Provided data: Begin
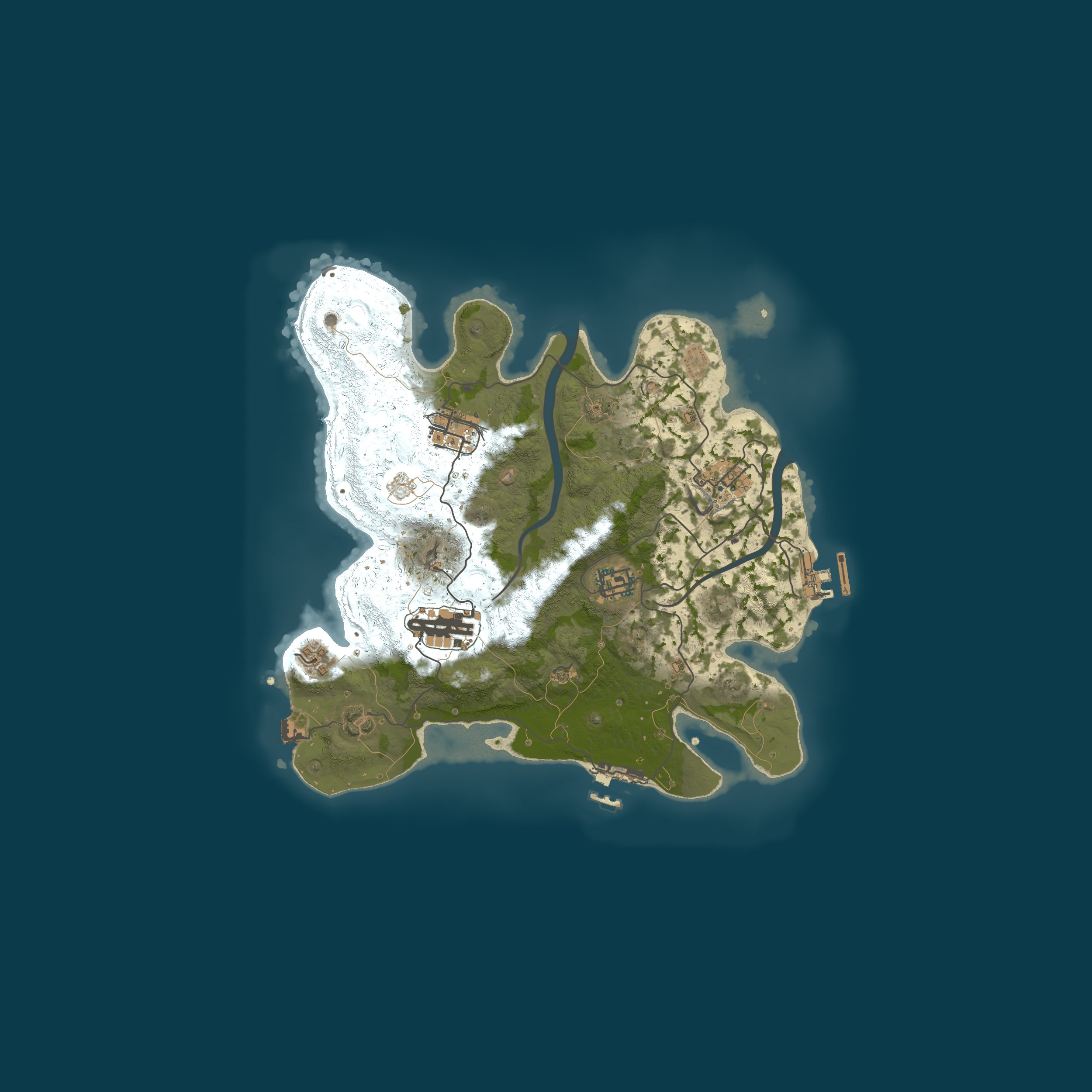 Map preview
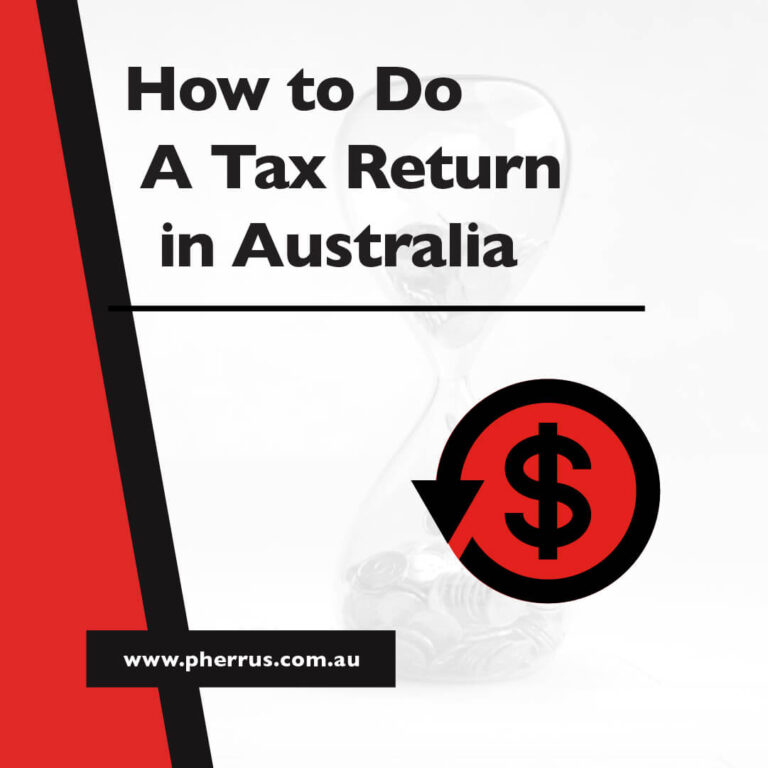 How to File a Tax Return in Australia as a Student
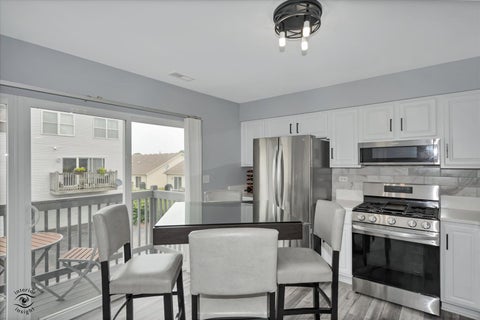 Tiny photo for 1415 Fox Hound Trail, Beecher, IL 60401 (MLS # 12468480)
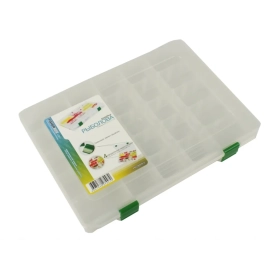FisherBox - Коробка для приманок 250 25*19*2.5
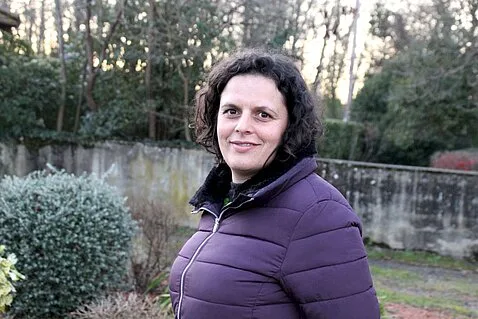Photo de Frédérique Saint-Cricq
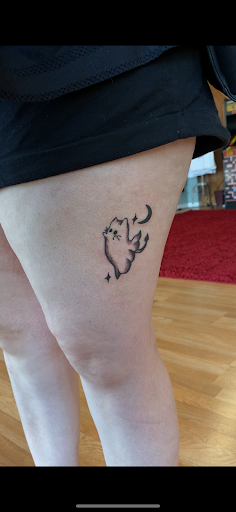 Explore taino tattoo ideas, creative tattoo ideas in Tucson, available at The Painted Lady Tattoo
Provided data: End
Activity: Begin with the line containing "How to File" and end with the last line of the material above; return exactly those lines, both ends included, and omit all pictures.

Task output:
 How to File a Tax Return in Australia as a Student
 Tiny photo for 1415 Fox Hound Trail, Beecher, IL 60401 (MLS # 12468480)
FisherBox - Коробка для приманок 250 25*19*2.5
Photo de Frédérique Saint-Cricq
 Explore taino tattoo ideas, creative tattoo ideas in Tucson, available at The Painted Lady Tattoo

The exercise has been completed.